R. Hatakeyama, T. Kaneko, W. Oohara, and K. Takahashi
Department of Electronic Engineering, Tohoku University, Sendai 980-8579, Japan
Abstract. Our basic-plasma experiments relating to fusion-oriented and space/astronomy plasmas have yielded deep and unique insight into wave and instability physics in ordinary electron-ion and unusual pair-particle plasmas.
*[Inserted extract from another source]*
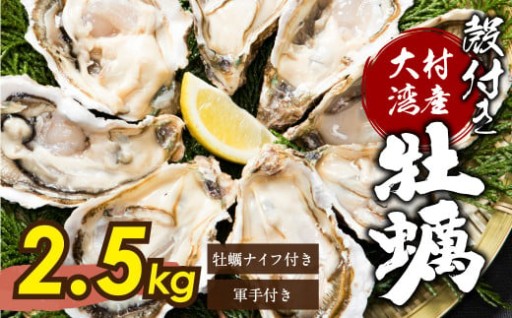 大村湾産 殻付き 牡蠣 加熱用 Aセット 約2.5kg ダイダイ2個付き ナイフ・軍手付き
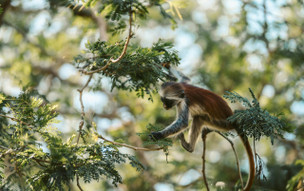 Tanzánie a Zanzibar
Here recent results on flow shear, polarization reversal, and pair ions are presented in the way that underlying physics is shed light on.
Keywords: Flow Shear, Polarization Reversal, Pair Ions
PACS: 52.35.Kt, 52.35.Qz, 52.35.Hr, 52.25.Mq, 52.40.Fd, 52.27.Ep, 52.35.Fp
Low-frequency electrostatic instabilities modified by sheared plasma flows in magnetized plasmas are one of very important issues in the field of the basic plasma physics. In order to clarify the mechanisms of excitation and suppression of these instabilities, we externally and independently control the parallel and perpendicular flow shears in a basic plasma device using three-segmented electron and ion sources [1-3]. Experiments are performed in the QT-Upgrade machine of Tohoku University as shown in Fig. 1. We attempt to modify a plasma-synthesis method with opposed electron and potassium ion emitters, where both the emitters are concentrically segmented into three sections [4]. When each section of the electron emitter is individually biased (Vee1, Vee2, Vee3), the radially different plasma potential, i.e., radial electric field is generated. This electric field causes E×B flows and flow shears perpendicular to the magnetic-field lines. On the other hand, the parallel ion flow with radially different energy, i.e., the parallel ion flow shear, is generated when each section of the segmented ion emitter is individually biased (Vie1, Vie2, Vie3) at a positive value above the plasma potential that is determined by the bias voltage of the electron emitter. Therefore, these parallel and perpendicular flow shears can be superimposed by controlling the bias voltages of the ion and electron emitters independently. Under our conditions, the plasma density is 108 cm-3, the electron temperature is 0.2 eV, and the ion temperature is almost the same as the electron temperature. A background gas pressure is less than 10-6 Torr.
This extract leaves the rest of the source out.